I've made it sound more complicated than it is... it's very easy.

Had Tesla NOT implemented Easy Access yet, then this would be much more difficult.

In fact, maybe phone-linked profiles won't ever be desirable. there are too many cases in my family where multiple drivers' phones will all be in/near the car and the car won't be able to determine who is actually haded for the driver's seat. The way it is works fine.
 
Walk-up Unlock is completely separate from Walk-away Locking. Yes, you can disable walk-up Unlock and the car will still lock itself when you park, get out, and walk away from the car.
Just checked this to make sure, and it works great.

And, as i posted elsewhere disabling walk-up unlock doesn't actually make the car ANY harder to unlock and get in. The difference is just that when enabled, the car unlocks when you get close to the car, and when disabled it unlocks the moment you touch the door handle. Either way, the same effort and amount of time to enter your car.

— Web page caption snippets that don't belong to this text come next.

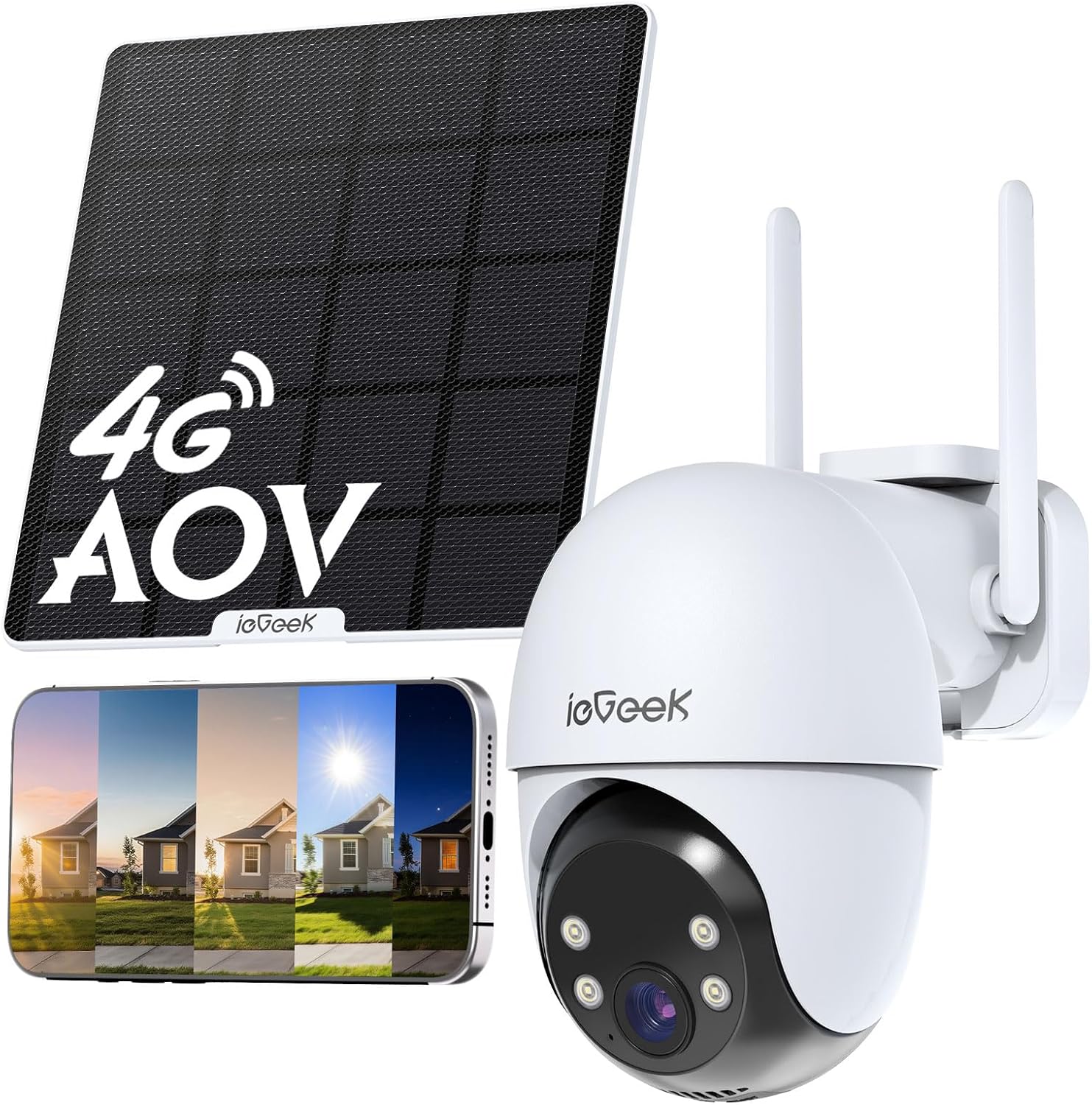 Iegeek 4g 24/7 Aufzeichnung Aov Überwachungskamera Außen Mit Sim Ohne Wifi Auto-tracking, 360° Ptz, 2k 3mp, Ki-erkennung, 25m Nachtsicht, 5w Solarpanel, 10000mah Akku, 2-wege-audio, Ip65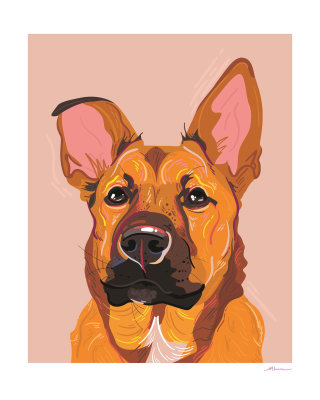 Pintura de retrato de cachorro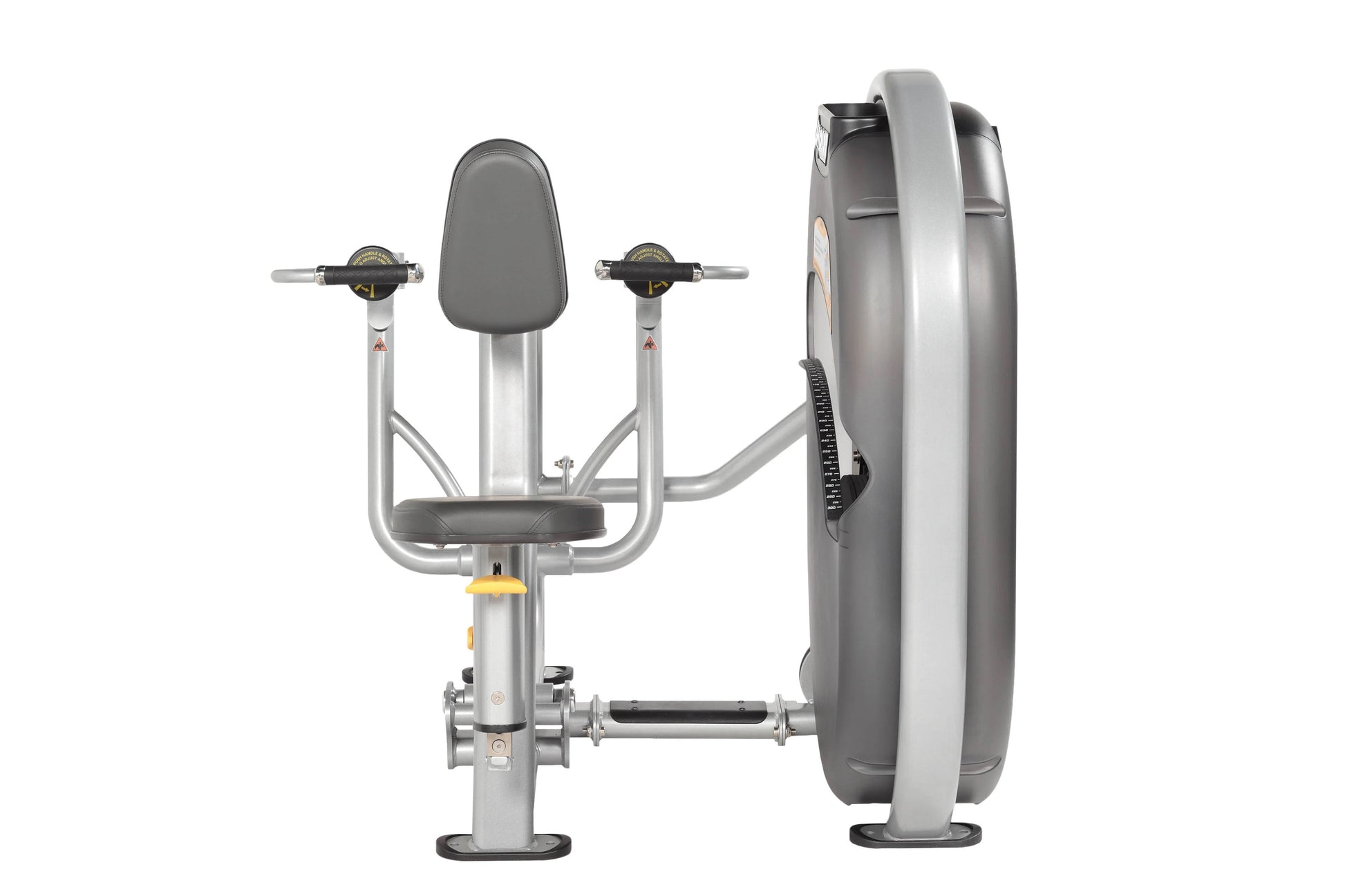 Hoist mid row exercise machine with gray padded seat and backrest, dual weight stacks, and silver metal frame on white backgr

Does it unlock all the doors or just the door that you touch? What is the use case for having "Walk Up Unlock" ON? Seems like I would always want it OFF.
 
Does it unlock all the doors or just the door that you touch? What is the use case for having "Walk Up Unlock" ON? Seems like I would always want it OFF.
It unlocks all the doors at once. I don't see an option anywhere to change this to driver's door only.

I think you're pointing out something important - there's almost no functionality difference between walk-up unlock on or off. When it's on, the lights flash and the mirrors start moving outwards as you walk up. So MAYBE the mirrors are in position slightly sooner (1-2 seconds) than if you have the option off? Maybe passengers will get the visual indication car is unlocked with the flash of lights and moving mirrors? Maybe if someone is prone to grabbing the handle super fast and yanking it, the "off" setting might not have unlocked doors fast enough? But I honestly can't think of any real advantage.
 
It unlocks all the doors at once. I don't see an option anywhere to change this to driver's door only.

I think you're pointing out something important - there's almost no functionality difference between walk-up unlock on or off. When it's on, the lights flash and the mirrors start moving outwards as you walk up. So MAYBE the mirrors are in position slightly sooner (1-2 seconds) than if you have the option off? Maybe passengers will get the visual indication car is unlocked with the flash of lights and moving mirrors? Maybe if someone is prone to grabbing the handle super fast and yanking it, the "off" setting might not have unlocked doors fast enough? But I honestly can't think of any real advantage.

A few times it's taken a second or two to unlock for me when holding the handle in with my thumb. Not a big deal.
 
Maybe passengers will get the visual indication car is unlocked with the flash of lights and moving mirrors? Maybe if someone is prone to grabbing the handle super fast and yanking it, the "off" setting might not have unlocked doors fast enough? But I honestly can't think of any real advantage.
If you have small children and they run to the car to get in first, it would be unlocked so they don't start jerking on the handle. If you have groceries, you go to the trunk/frunk first to unload and the car is unlocked?
 
Also, be aware that when the key portion of the app is "connected," unless you are immediately adjacent to the car (within 5-6 feet), the car will remain locked. It may make some odd noises when connected but not unlocked, but those worried about their phones being in proximity causing security issues should be relieved.

So, I guess it depends on where the bluetooth antenna is located, because the microwave in our kitchen is about 6 ft from where the charge port will have to be positioned. Sounds like we will go with unlock disabled.